Figure 16.

(A) Working principle of liver cell graphics chip. (a) A side view of a spatially randomly distributed cell (up) and side view of cell distribution under n-DEP. Hepatocytes are injected into the microfluidic cavity with continuous flow input and randomly distributed along the flow direction. (b) When sufficient alternating current (AC) is applied, the randomly distributed cells are repelled by the n-DEP effect under the control of the balancing force generated by DEP and fluid dynamics, and are arranged between the electrodes into the desired bead array pattern (Reproduced with permission from the Reference [84]). (B) Schematic illustration of the high-throughput fabrication and flexible manipulation system.

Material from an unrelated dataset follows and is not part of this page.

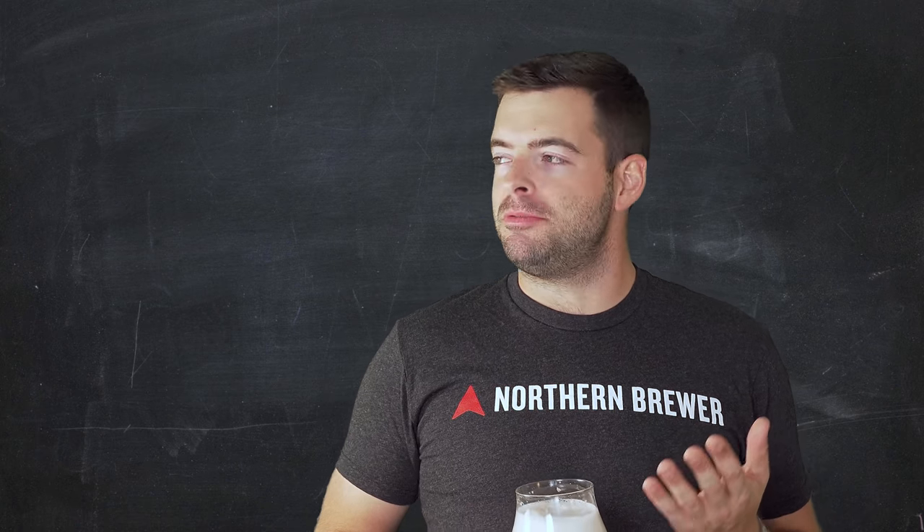All right everybody, welcome back to another video. Have you ever wondered why New England IPAs are almost always 7 or 8 plus percent ABV and you don't really always see very low ABV versions of them? Well, today we're going to go ahead and make our own Session Strength New England IPA.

The system consists of two main components: a DMD-based hydrogel manufacturing system for on-demand manufacturing; an ODEP force-based operation and assembly system for precise control. (Reproduced with permission from the Reference [45]). (C) (a) Schematic diagram of a quadrupole electrode array device. (b) Distribution of electric field intensity. (c) The aggregation of cells. (Reproduced with permission from the Reference [125]). (D) (a) The photosensitive prepolymer solution containing cells was filled between two conductive indium tin oxide (ITO)-coated plates. An insulating photoepoxy resin (SU-8) mask was placed on the bottom electrode plate. The insulating area covered most of the conductive surface, forming electrodes in the non-insulating area. An AC voltage was applied to the top and bottom plates, producing a spatially non-uniform electric field. (b) Distribution diagram of electric field intensity. (Reproduced with permission from the Reference [126]).